В «Инвалиде», в фельетоне, только что прочел о немецких поэтах, умерших с голоду, холоду и в сумасшедшем доме. Их было штук 20, и какие имена! Мне до сих пор как-то страшно. Нужно быть шарлатаном...8
__________
а Зачеркнуто: феврал<я>
б Было: да
в Было: отвечу
9 метрдотеля (франц.)
10 Беранже (франц.)
11 Шамбертена (франц.)
12 Верне (франц.)
Печатается по подлиннику: РГБ. Ф.93.I.6.12.
Впервые опубликовано: Биография, письма и заметки из записной книжки Ф.М. Достоевского. СПб., 1883. Отд. II. С. 32—34.
Датируется 1845 г., так как в письме упоминается как «только что» прочитанная статья А. Вейса, напечатанная в «Русском инвалиде» от 22 марта 1845 г. Кроме того, в письме говорится о работе над второй редакцией «Бедных людей», в то время как первая была закончена, как сообщается в этом письме, в ноябре 1844 г. (см. также письмо от 30 сентября 1844 г.).
1 Достоевский получил 500 руб. серебром в соответствии с его просьбой, обращенной к опекуну П.А. Карепину (см. письмо к П.А. Карепину).
2 Источник цитируемого отзыва Беранже установить не удалось. Шамбертен — сорт красного вина из Бургундии.
3 Речь идет о «Бедных людях».
4 Достоевскому удалось приехать в Ревель к брату 9 июня 1845 г. (см.: «Летопись жизни и творчества Ф.М. Достоевского»).
5 См. письмо от 30 сентября 1844 г., примеч. 3.
6 Скорее всего, мысль эта подсказана Достоевскому статьей Белинского «Александринский театр» (1845), которая была опубликована во второй части «Физиологии Петербурга», составленной Н.А. Некрасовым и только что появившейся. В ней Белинский, разбирая современный репертуар, подчеркивает его измельчание, невысокий художественный уровень как драм, так и водевилей, построенных на благополучно завершающихся мелодраматических любовных коллизиях, и иронически именует Н.А. Полевого и П.Г. Ободовского, авторов наиболее многочисленных пьес, «Шекспиром» и «Шиллером» Александринской сцены (Белинский В.Г. Полн. собр. соч.: В 13 т. М., 1953—1959. Т. VIII. С. 539—541, 548).

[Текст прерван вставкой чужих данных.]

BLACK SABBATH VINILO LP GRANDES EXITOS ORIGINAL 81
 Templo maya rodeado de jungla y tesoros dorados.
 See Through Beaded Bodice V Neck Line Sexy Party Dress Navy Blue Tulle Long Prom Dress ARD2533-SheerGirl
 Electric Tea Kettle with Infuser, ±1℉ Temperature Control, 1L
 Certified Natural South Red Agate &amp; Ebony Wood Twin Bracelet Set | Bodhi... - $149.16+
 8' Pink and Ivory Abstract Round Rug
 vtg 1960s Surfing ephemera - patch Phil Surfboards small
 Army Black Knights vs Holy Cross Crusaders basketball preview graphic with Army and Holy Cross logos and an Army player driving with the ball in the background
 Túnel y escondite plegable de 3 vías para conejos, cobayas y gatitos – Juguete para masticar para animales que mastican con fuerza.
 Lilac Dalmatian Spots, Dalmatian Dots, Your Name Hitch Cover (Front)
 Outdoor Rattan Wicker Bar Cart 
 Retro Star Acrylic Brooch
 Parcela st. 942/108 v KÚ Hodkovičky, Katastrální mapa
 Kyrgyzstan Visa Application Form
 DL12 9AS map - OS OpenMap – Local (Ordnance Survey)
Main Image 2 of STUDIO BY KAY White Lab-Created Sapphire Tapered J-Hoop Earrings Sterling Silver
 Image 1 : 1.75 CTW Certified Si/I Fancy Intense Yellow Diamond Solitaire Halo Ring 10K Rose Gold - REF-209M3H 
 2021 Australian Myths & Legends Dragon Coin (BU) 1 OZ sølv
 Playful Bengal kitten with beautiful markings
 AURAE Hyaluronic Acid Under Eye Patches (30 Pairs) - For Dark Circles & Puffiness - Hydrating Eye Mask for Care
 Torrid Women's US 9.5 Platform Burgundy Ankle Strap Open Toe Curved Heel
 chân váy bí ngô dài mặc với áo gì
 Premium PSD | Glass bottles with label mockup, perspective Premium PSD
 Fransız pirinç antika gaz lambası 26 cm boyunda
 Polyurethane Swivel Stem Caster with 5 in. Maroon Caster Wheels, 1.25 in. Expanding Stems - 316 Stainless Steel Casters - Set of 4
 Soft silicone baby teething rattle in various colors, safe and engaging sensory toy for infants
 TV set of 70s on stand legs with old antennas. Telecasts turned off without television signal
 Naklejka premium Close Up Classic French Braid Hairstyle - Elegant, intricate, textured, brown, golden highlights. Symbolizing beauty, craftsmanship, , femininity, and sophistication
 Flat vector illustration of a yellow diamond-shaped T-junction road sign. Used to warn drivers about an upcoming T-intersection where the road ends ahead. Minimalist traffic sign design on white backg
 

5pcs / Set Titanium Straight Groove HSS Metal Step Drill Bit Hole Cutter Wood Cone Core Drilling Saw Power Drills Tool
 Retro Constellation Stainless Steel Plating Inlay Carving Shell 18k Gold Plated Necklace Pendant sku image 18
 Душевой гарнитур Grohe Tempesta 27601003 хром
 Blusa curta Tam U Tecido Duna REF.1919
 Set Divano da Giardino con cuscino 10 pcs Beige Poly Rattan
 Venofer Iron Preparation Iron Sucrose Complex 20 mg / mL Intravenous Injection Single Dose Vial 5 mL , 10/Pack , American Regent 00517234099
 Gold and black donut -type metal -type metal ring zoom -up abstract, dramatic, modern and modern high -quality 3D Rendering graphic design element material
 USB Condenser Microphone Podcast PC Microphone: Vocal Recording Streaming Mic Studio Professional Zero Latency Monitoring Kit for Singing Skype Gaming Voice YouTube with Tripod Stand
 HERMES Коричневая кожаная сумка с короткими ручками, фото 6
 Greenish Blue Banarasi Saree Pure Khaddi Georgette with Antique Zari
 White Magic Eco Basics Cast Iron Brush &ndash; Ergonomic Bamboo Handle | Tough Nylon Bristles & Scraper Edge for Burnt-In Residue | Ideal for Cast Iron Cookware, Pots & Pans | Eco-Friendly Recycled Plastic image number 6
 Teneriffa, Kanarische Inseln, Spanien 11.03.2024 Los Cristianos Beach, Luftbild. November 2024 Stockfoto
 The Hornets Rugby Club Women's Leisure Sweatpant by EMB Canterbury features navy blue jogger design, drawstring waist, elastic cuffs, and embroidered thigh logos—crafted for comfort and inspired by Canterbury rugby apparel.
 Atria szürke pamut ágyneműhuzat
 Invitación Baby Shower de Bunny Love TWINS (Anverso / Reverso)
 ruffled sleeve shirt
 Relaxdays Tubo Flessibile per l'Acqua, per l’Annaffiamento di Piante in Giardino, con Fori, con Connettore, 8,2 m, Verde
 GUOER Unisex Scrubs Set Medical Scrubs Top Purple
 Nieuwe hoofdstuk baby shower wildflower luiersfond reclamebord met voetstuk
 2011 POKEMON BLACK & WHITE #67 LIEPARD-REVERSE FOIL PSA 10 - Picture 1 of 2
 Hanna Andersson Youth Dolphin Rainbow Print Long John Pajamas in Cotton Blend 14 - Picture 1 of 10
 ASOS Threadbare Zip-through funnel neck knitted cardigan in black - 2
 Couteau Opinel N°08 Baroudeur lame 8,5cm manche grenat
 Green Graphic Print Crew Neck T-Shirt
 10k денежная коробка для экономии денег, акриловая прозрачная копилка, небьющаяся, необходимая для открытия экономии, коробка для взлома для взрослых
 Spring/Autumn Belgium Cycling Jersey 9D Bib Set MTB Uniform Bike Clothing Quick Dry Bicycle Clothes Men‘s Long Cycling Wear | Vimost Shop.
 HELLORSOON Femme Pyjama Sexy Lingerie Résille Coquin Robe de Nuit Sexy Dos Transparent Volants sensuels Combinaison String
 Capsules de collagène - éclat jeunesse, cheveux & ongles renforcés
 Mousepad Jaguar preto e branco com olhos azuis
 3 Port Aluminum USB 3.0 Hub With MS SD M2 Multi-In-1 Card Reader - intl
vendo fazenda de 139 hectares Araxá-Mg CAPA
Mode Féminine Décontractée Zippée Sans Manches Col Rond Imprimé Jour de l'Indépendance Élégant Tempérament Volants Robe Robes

7 Брокен — главная вершина Гарца. Отбрасываемая его восточной скалой тень носит название брокенского призрака и окружена местными легендами. Сцена «Вальпургиева ночь» из первой части «Фауста» Гете происходит у подножия Брокена.
8 В «Русском инвалиде» (1845. 22 марта. № 64) в отделе «Смесь» была помещена статья А. Вейса «Поэты в Германии». Автор, ссылаясь на «Аугсбургскую газету», приводит факты, от которых стало «страшно» только что подавшему в отставку и решившему всецело посвятить себя литературному труду Достоевскому: «Лессинг умер в нужде, проклиная германскую нацию. Шиллер никогда не имел 1000 фр<анков>, чтобы съездить взглянуть на Париж и на море. Моцарт получал всего 1500 фр<анков> жалования, оставив после смерти 3000 фр<анков> долгу. Бетховен умер в крайней нужде. Друг Гегеля и Шеллинга Гельдерлин принужден был быть школьным учителем. Терзаемый любовью и нуждой, сошел с ума 32-х лет и дожил в этом состоянии до 76 лет. Гёльти, чистый поэт любви, давал уроки по 6 фр<анков> в месяц, чтобы иметь кусок хлеба. Умер молодым — отравился. Бюргер знал непрерывную борьбу с нуждою. Шуберт провел 16 лет в заключении и кончил сумасшествием. Граббе, автор гениальных "Фауста и Д<он> Жуана", в буквальном смысле умер с голода 32 лет. Ленц, друг Гете, умер в крайней нужде у одного сапожника в Москве. Писатель Зонненберг раздробил себе череп. Клейст застрелился; Лесман повесился; Раймунд — поэт и актер — застрелился. Луиза Бришман кинулась в Эльбу. Шарлотта Штиглиц заколола себя кинжалом. Ленау отвезен в дом умалишенных».